Fri Jun 17, 2005 3:04 pm Subject: If x86 is so much better for games...
If x86 is so much better for games, then why is Microsoft going to use PPC in their new Xbox?
It's a market size issue. PPC Macs from a technical basis should have been better than x86. However, there wasn't enough market to put the effort into getting the pieces optimized or to keep the PPC chips developing at the rate they should be. However, for a market the size of the Xbox 360, Microsoft and their hardware & software partners can afford to invest in the time necessary to squeeze the best performance out of the system.
PPC didn't lose out with Apple for being an inferior technology. IBM lost out with Apple for inferior implementation and delivery.
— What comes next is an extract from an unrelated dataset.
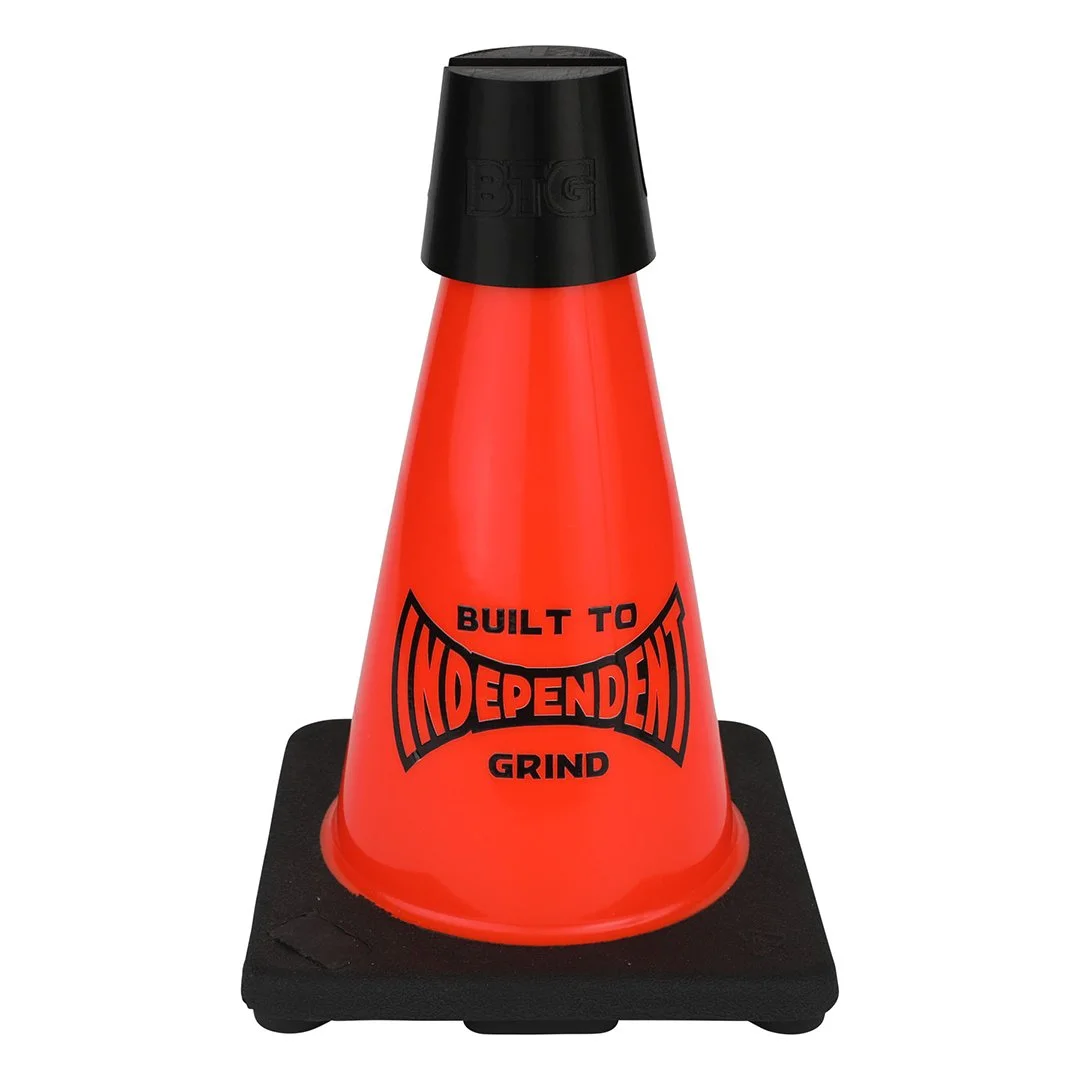 INDY PHONE CONE BUILT TO GRIND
Haha, what a joke, sure joing a cult or something, or wait just go spend a lot of money doing almost nothing.
As for games, its a business and that means like even us consumers will do put more money on what makes money, or does anyone here actually like working for the loosing team, and not been able to pay the bills.
Sure you do.
As for the PPC been better, who cares, like most things a few percent points don't make for a better experience, so lets see what comes of this new mactel union.
The PPC used in xbox 360 is not the same that PPC used in G5 so it would not have made a difference, also xbox 360 programers will code for a box that is basically the same for the next what 3 to 5 years, not the same for computers.
So don't close your mind and think they are the same CPU.